— EXERCISE BRIEF —
Starting from the line containing "Financial dashboard comparing", give again every line through the end of the entries, word for word. Pictures stay out of the copy.

— SOURCE INFORMATION —
━━━━━━━━━━━━━━━━
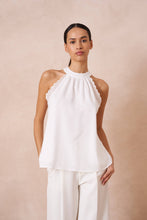 Afbeelding in Gallery-weergave laden, Attentif Paris - Top with bow neckline containing linen: White / Sx1 Mx1 Lx1
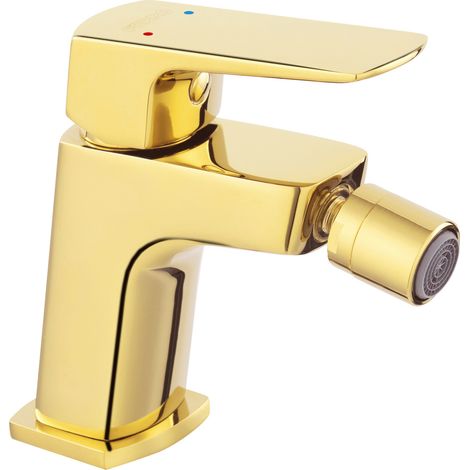 Rubinetto bidet Vitto VL, con tappo automatico, in plastica, color oro (1/2)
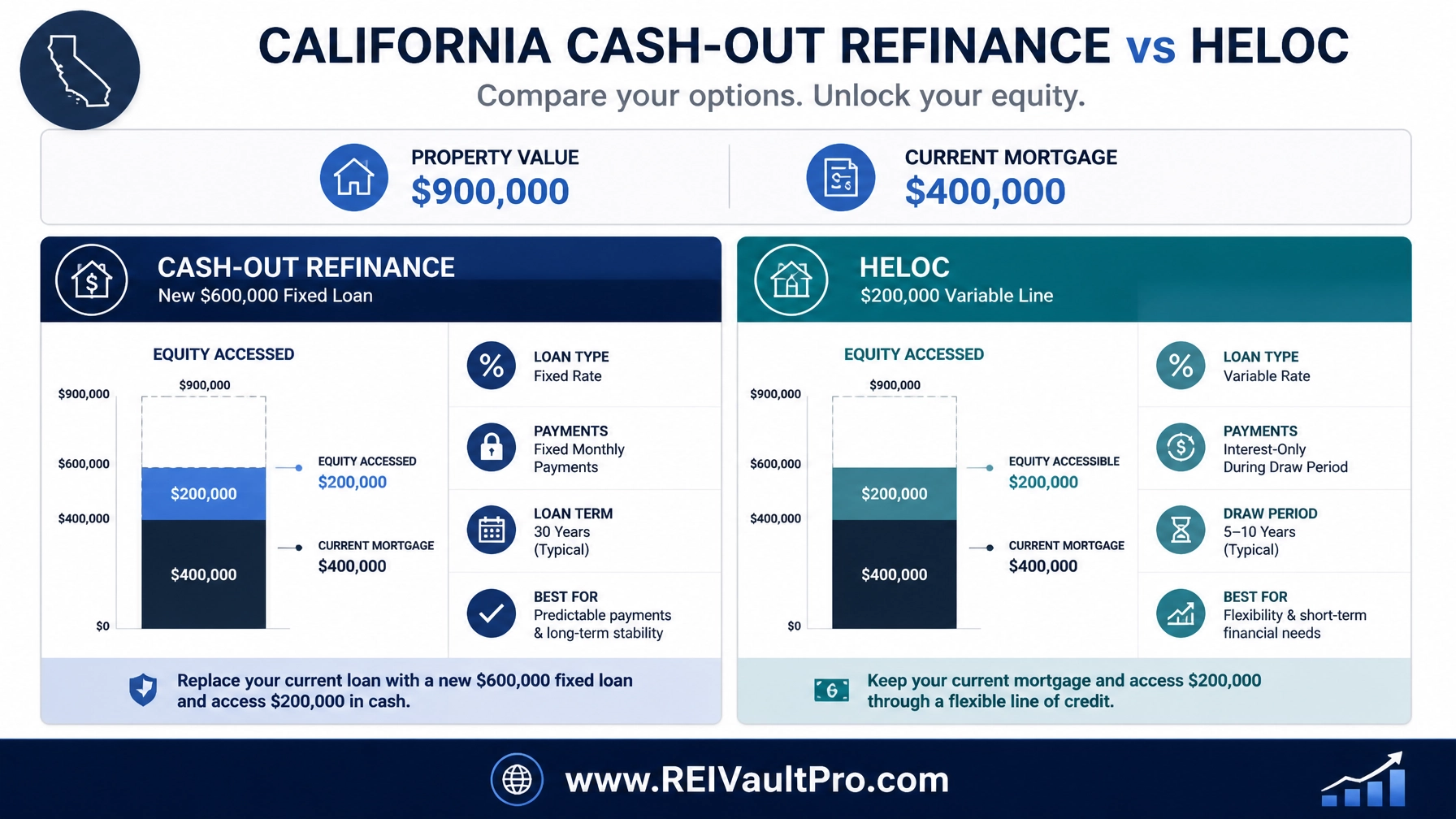 Financial dashboard comparing a California Cash-Out Refinance vs a HELOC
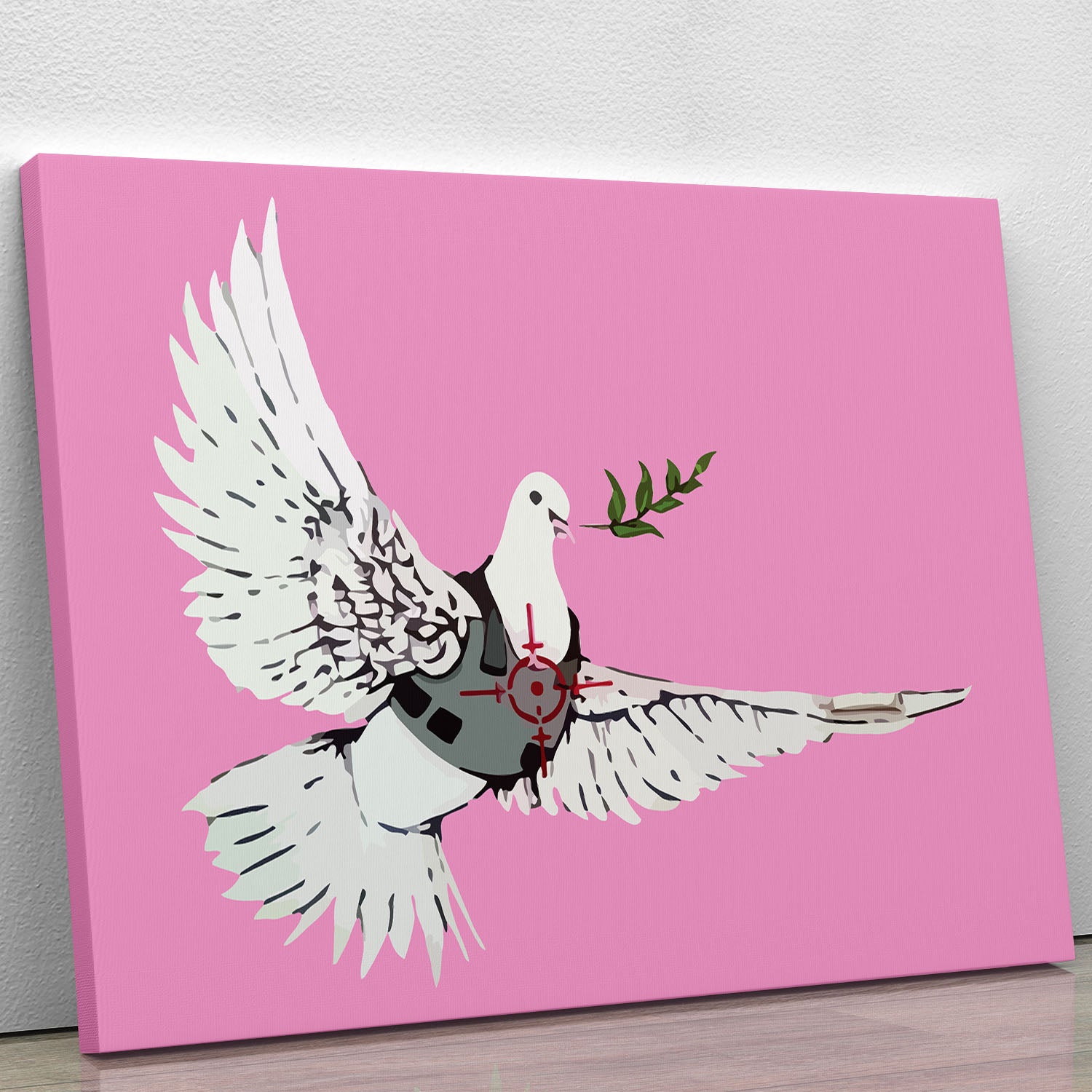 Banksy Peace Dove Pink Canvas Print or Poster - Canvas Art Rocks - 1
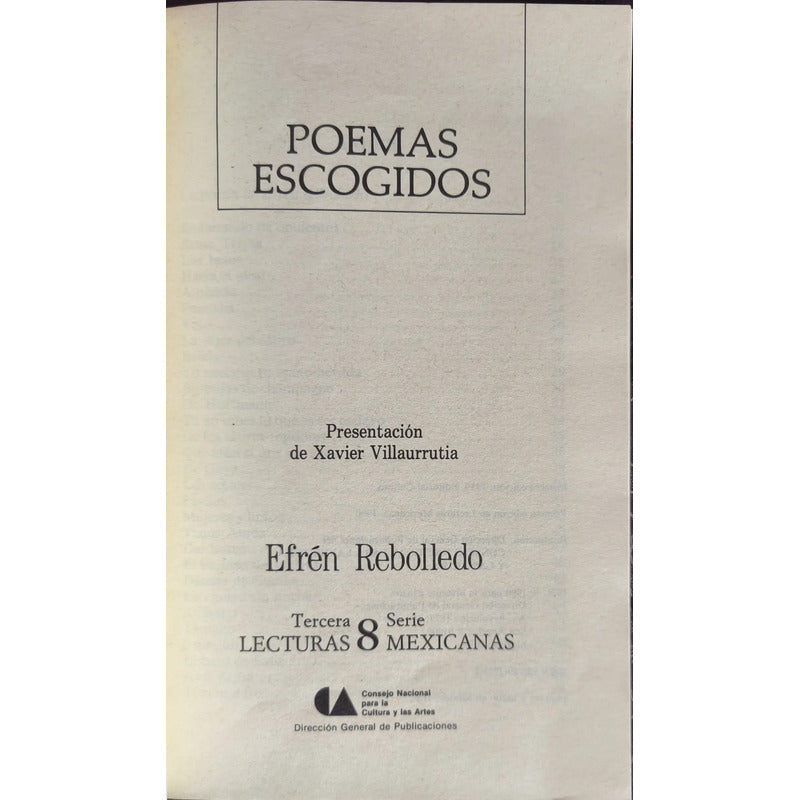 Poemas Escogidos Efren Rebolledo Xavier Villaurrutia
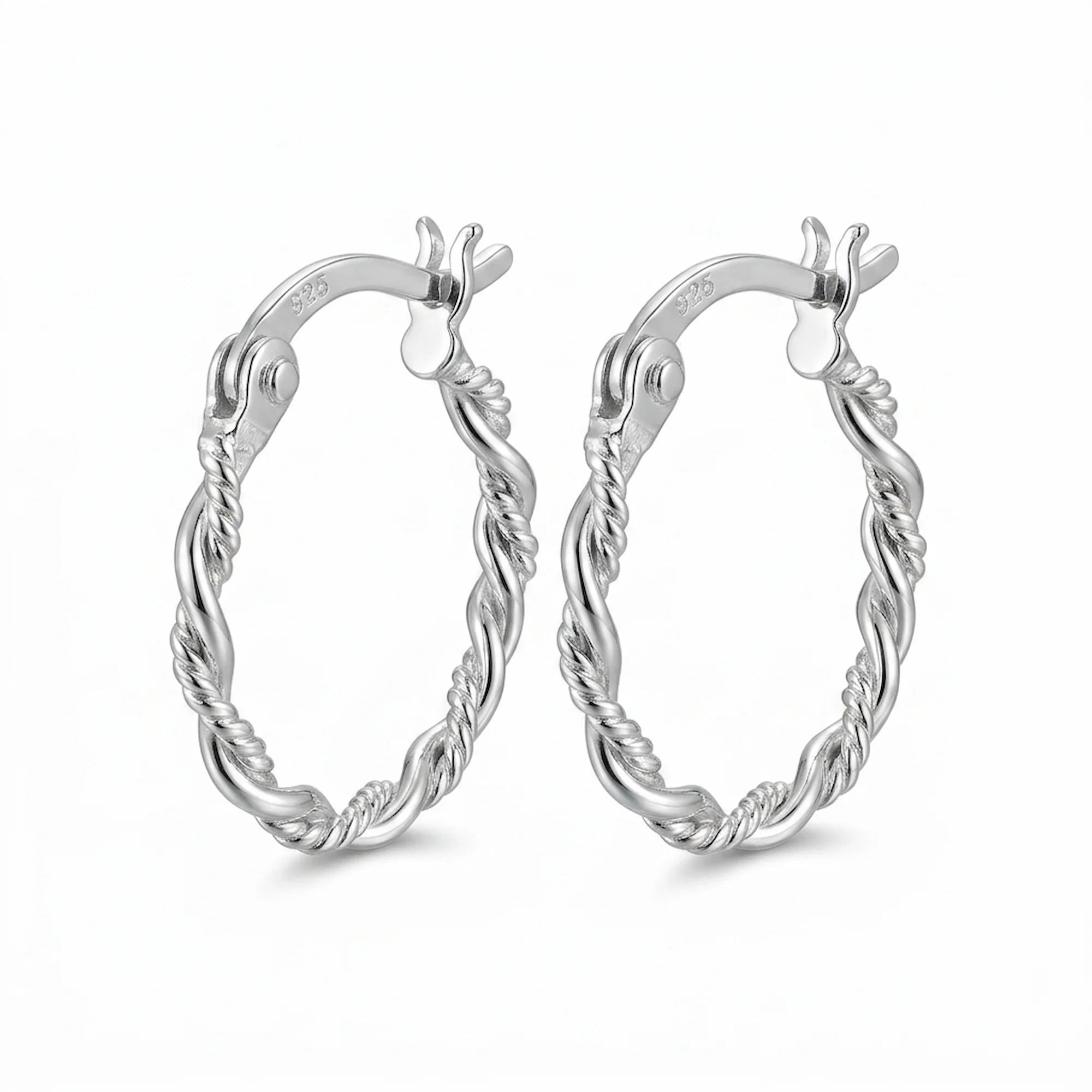 925 silver rope twist stacking hoop earrings in a continuous line design, an everyday gift in Dubai.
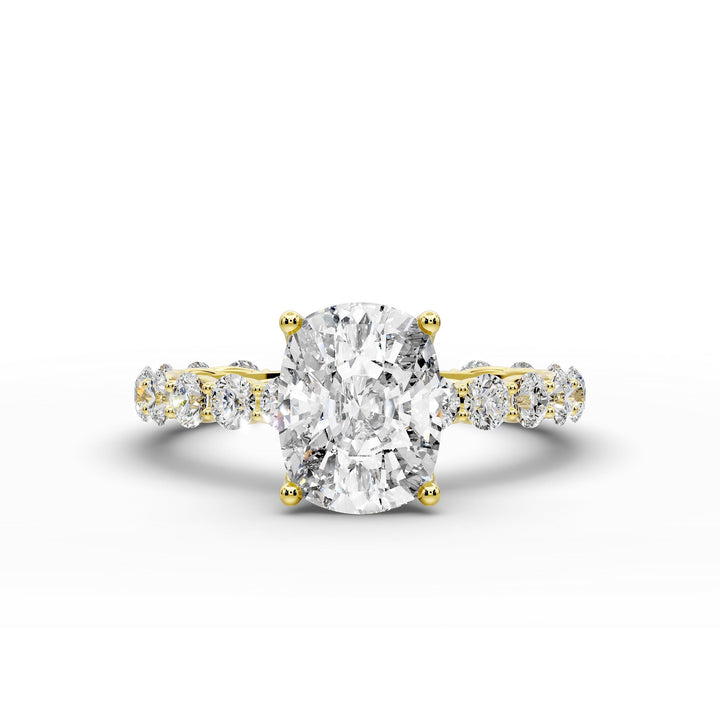 Elongated cushion diamond engagement ring with shared prong band shown in a studio display.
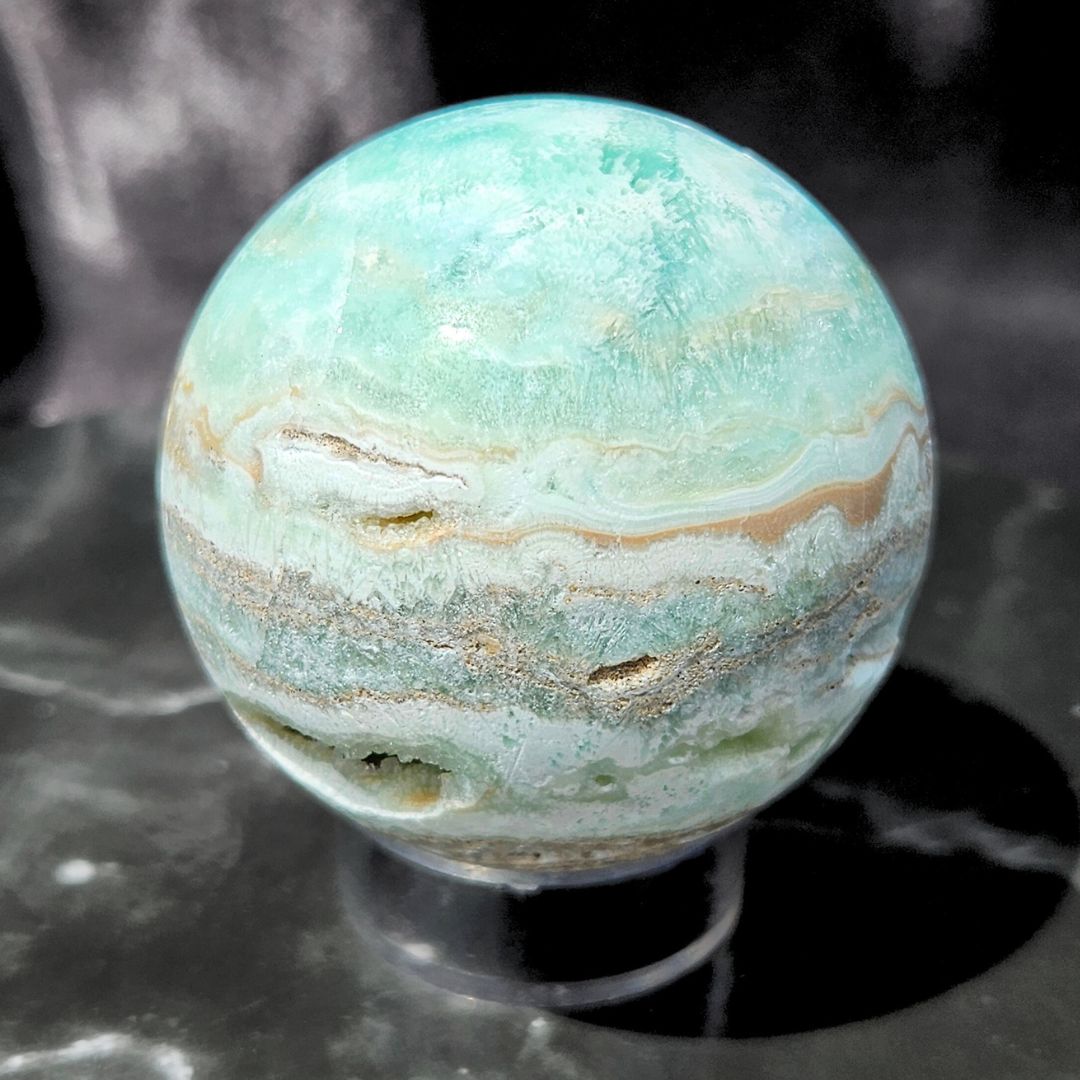 High Grade Blue Aragonite Crystal Sphere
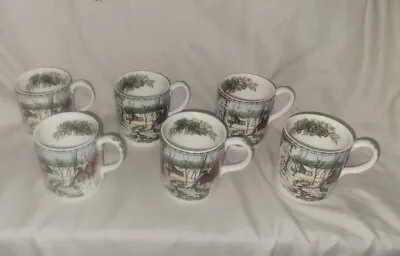 Buy Lot Of 6 Vintage Johnson Brothers Holiday Coffee Cups Mugs Christmas C/a 90's #2 • 48.02£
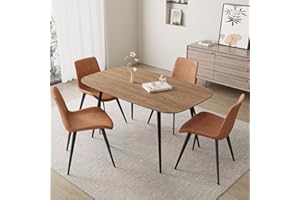 HIPIHOM 47.2'' Dining Table Set for 4,Modern Wood Dining Table,Leather Dining Chairs 4,Table and Chairs Set of 4,Ideal for Kitchen Dining Room (Walnut Color Table + 4 Brown Chairs, 47.2")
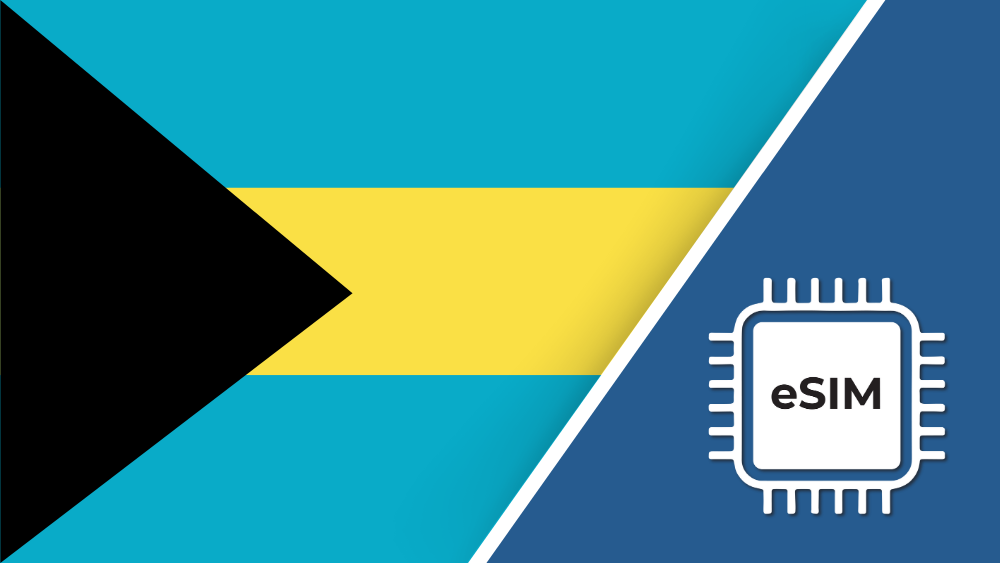 Bahamas eSIM – Travel connectivity for the Bahamas. Image featuring the Bahamas flag and an eSIM icon.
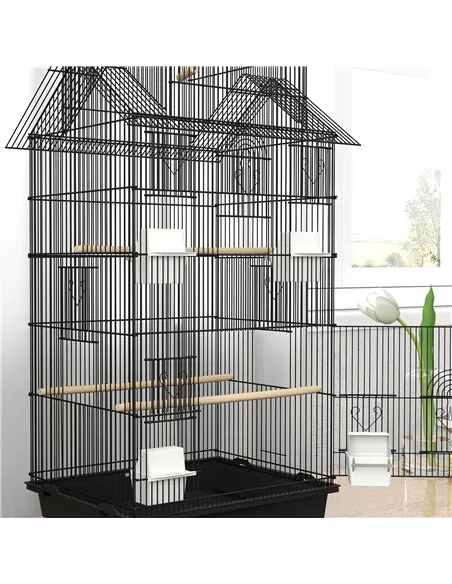 PawHut Metal Bird Cage with Plastic Swing, Perch, Food Container, Tray, Handle, for Finches, Canaries, Budgies, 43 x 32.5 x 163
━━━━━━━━━━━━━━━━
— SOLUTION TO THIS TASK —
 Financial dashboard comparing a California Cash-Out Refinance vs a HELOC
 Banksy Peace Dove Pink Canvas Print or Poster - Canvas Art Rocks - 1
 Poemas Escogidos Efren Rebolledo Xavier Villaurrutia
 925 silver rope twist stacking hoop earrings in a continuous line design, an everyday gift in Dubai.
 Elongated cushion diamond engagement ring with shared prong band shown in a studio display.
 High Grade Blue Aragonite Crystal Sphere
 Buy Lot Of 6 Vintage Johnson Brothers Holiday Coffee Cups Mugs Christmas C/a 90's #2 • 48.02£
 HIPIHOM 47.2'' Dining Table Set for 4,Modern Wood Dining Table,Leather Dining Chairs 4,Table and Chairs Set of 4,Ideal for Kitchen Dining Room (Walnut Color Table + 4 Brown Chairs, 47.2")
 Bahamas eSIM – Travel connectivity for the Bahamas. Image featuring the Bahamas flag and an eSIM icon.
 PawHut Metal Bird Cage with Plastic Swing, Perch, Food Container, Tray, Handle, for Finches, Canaries, Budgies, 43 x 32.5 x 163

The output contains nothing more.